In order to realize many of the applications described above, we are exploring the growth of hBN using metal organic chemical vapour deposition (MOCVD) techniques on sapphire and silicon substrates. One of the primary goals of my research study is to develop and optimize the MOCVD process for growing high quality hBN epilayers with low defect density. The grown material is characterized using a wide range of techniques allowing a comprehensive study of effect of individual growth parameters on material quality. In this seminar, I will provide a brief overview of various applications of hBN and present some of our recent results on the growth and characterization study of hBN.

References

1. Watanabe K, Taniguchi T, Kanda H. Direct-bandgap properties and evidence for ultraviolet lasing of hexagonal boron nitride single crystal. Nature Materials. 2004;3(6):404-9.

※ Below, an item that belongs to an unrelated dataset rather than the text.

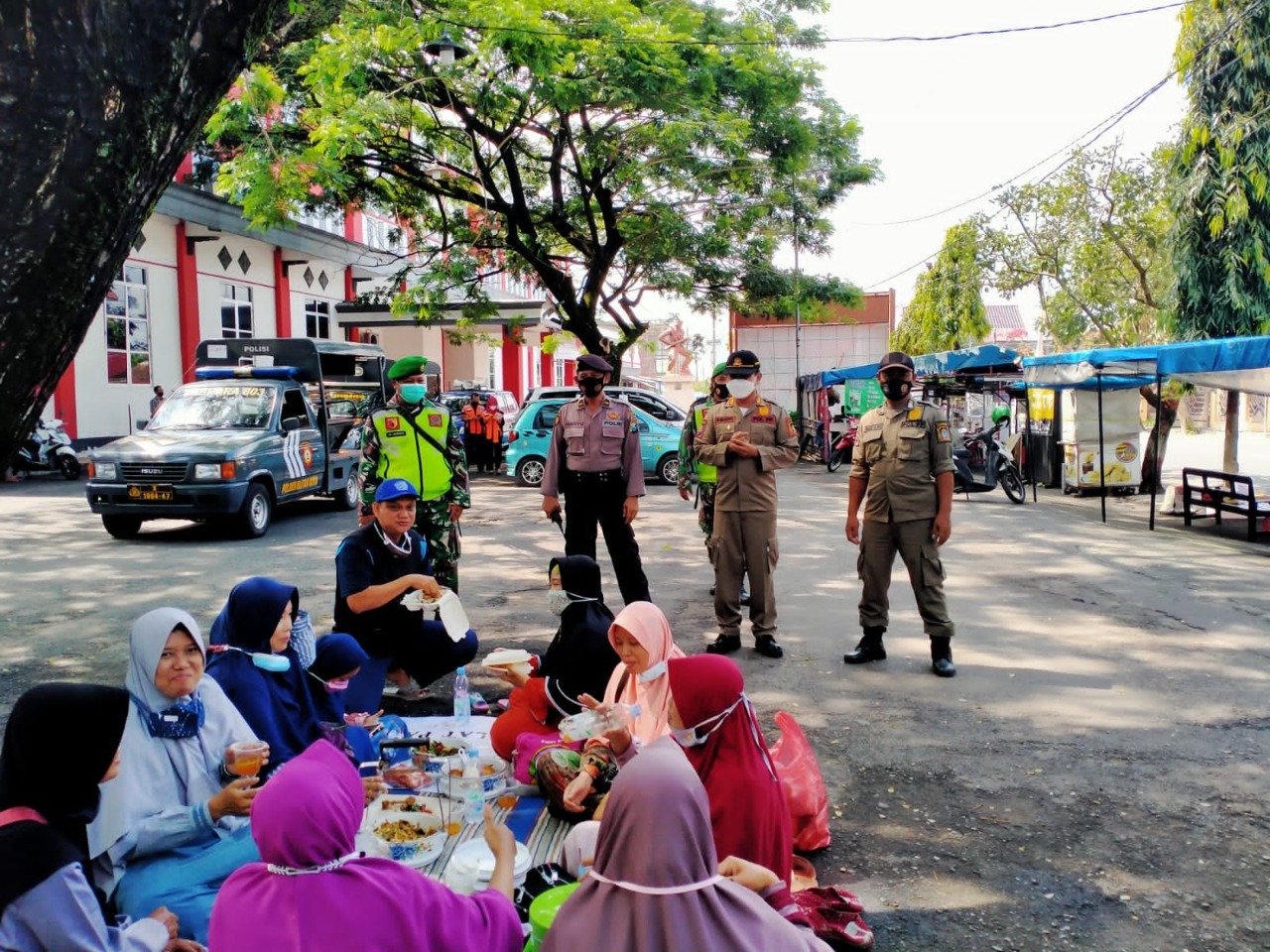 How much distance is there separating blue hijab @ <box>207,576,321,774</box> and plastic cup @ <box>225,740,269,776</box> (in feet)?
1.12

2. Watanabe K, Taniguchi T, Niiyama T, Miya K, Taniguchi M. Far-ultraviolet plane-emission handheld device based on hexagonal boron nitride. Nat Photonics. 2009;3(10):591-4.
3. Majety S, Li J, Cao XK, Dahal R, Pantha BN, Lin JY, et al. Epitaxial growth and demonstration of hexagonal BN/AlGaN p-n junctions for deep ultraviolet photonics. Appl Phys Lett. 2012;100(6):061121.
4. Dean CR, Young AF, Meric I, Lee C, Wang L, Sorgenfrei S, et al. Boron nitride substrates for high-quality graphene electronics. Nat Nanotechnol. 2010;5(10):722-
5. Dean C, Young AF, Wang L, Meric I, Lee GH, Watanabe K, et al. Graphene based heterostructures. Solid State Commun. 2012;152(15):1275-82.
6. Geim AK, Grigorieva IV. Van der Waals heterostructures. Nature. 2013;499(7459):419-25.
7. Kobayashi Y, Kumakura K, Akasaka T, Makimoto T. Layered boron nitride as a release layer for mechanical transfer of GaN-based devices. Nature. 2012;484(7393):223-7.
8. Ayari T, Sundaram S, Li X, Gmili YE, Voss PL, Salvestrini JP, et al. Wafer-scale controlled exfoliation of metal organic vapor phase epitaxy grown InGaN/GaN multi quantum well structures using low-tack two-dimensional layered h-BN. Appl Phys Lett. 2016;108(17):171106.
9. Zhu D, Wallis DJ, Humphreys CJ. Prospects of III-nitride optoelectronics grown on Si. Rep Prog Phys. 2013;76(10).
10. Tran TT, Elbadawi C, Totonjian D, Lobo CJ, Grosso G, Moon H, et al. Robust Multicolor Single Photon Emission from Point Defects in Hexagonal Boron Nitride. Acs Nano. 2016;10(8):7331-8.
11. Tran TT, Bray K, Ford MJ, Toth M, Aharonovich I. Quantum emission from hexagonal boron nitride monolayers. Nat Nano. 2016;11(1):37-41.